離島へ行こう4.5日目。
ここはコテージのベッド?あ!モノク?モノクは大丈夫なの?私は慌ててベッドから飛び起きる。モノクは唇に人差し指を立て、扉前に立っていた。モノクの視線を追いベッドサイドを見ると、ライドがベッドに突っ伏して寝ている。私は起こさぬ様に反対側からベッドをそろりと下りる。毛布を背中にかけ上掛けを羽織ると外を出た。
「モノク……私を止めてくれてありがとう。体は大丈夫? 」
「聖獣は頑丈だから大丈夫だよ。それより近くにいなくてごめんね。ボロボロの船を見付けて皆で調べていたんだ。
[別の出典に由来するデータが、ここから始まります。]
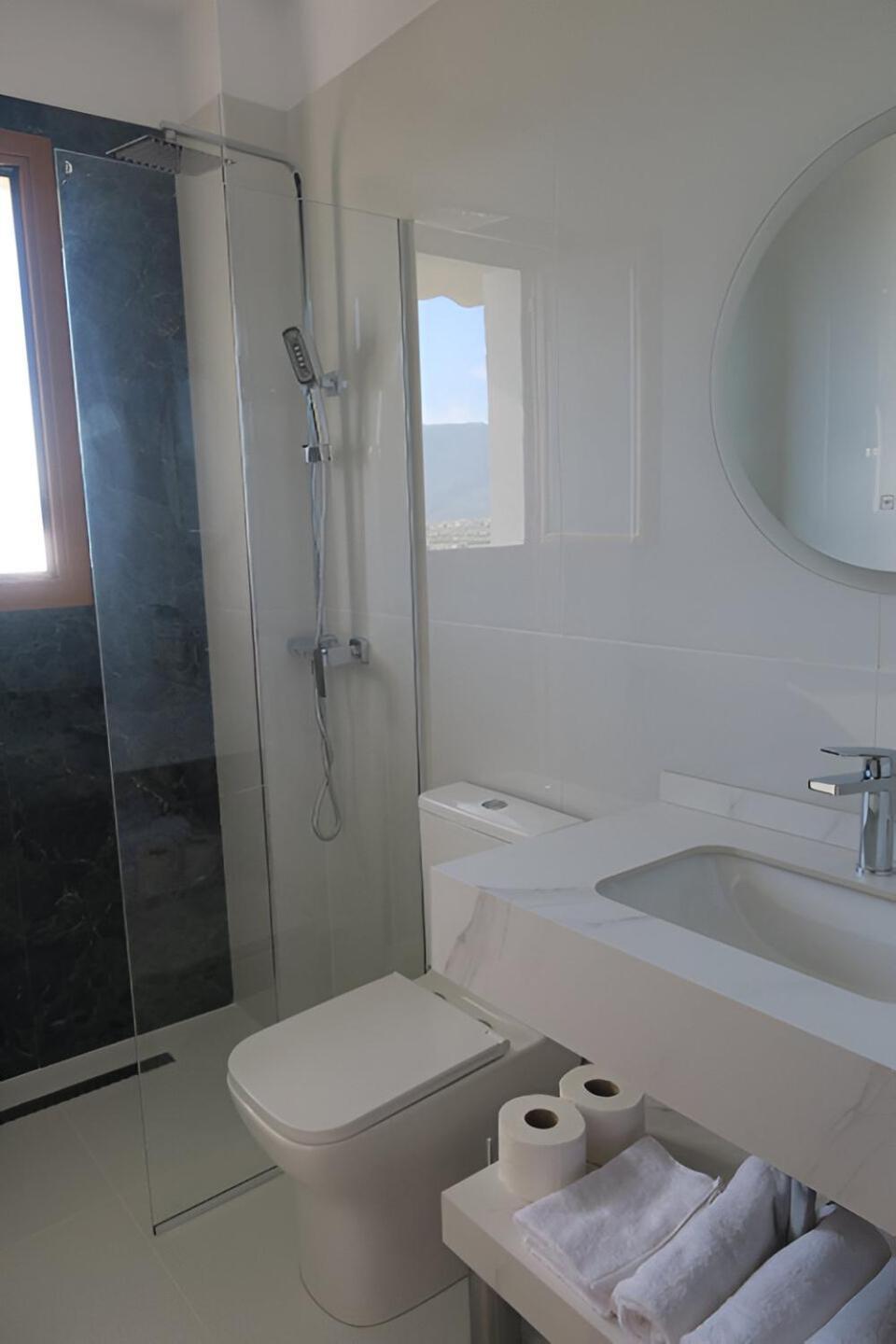 Doko Hotel Radhimë エクステリア 写真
ライドはレインと城に調べ物に行っていた。ライドはさらに詳しく調べるからと、一人で城に残ってたから遅くなったの。凄く悲しんでいるから、怒らないであげてね」
なぜライドが悲しむのよ。なんて言ったら駄目よね。心配してくれたのよね。でもレインってば、ライドと二人で瞬間移動したのね。フフフ……
「リョウ? どうかしたの? どこか痛いの? 大丈夫? 」
「心配しないで。私は大丈夫よ。レインがライドと手を繋いで瞬間移動している姿を想像したらつい……」
「リョウ? 起きたのですね。体は大丈夫そうで何よりです。ですが妙な想像はしないで下さい。ライドには上着の裾を掴んで貰いました。手は繋いでませんよ」
「ぷぷっ。フフフ。ライドが裾を掴んでいる姿でも充分楽しいわ。今度お仕置きされたらネタにしてからかってやろうかしら? 」
「すっかり元のリョウですね。安心しました。城に行ったらアニーとおばちゃんたちに会いましたよ。またまた沢山の差し入れを戴いて来ました。ダンジョンに入っても心配ない位の差し入れです。今回は甘えてゆっくりしましょう。お腹が空きませんか? 」
レイン……優しさが身に染みるわ……
***
食堂用のコテージに行くと、タルバとラスがいました。タルバがニタリと笑いながら、ジロジロと私を見ています。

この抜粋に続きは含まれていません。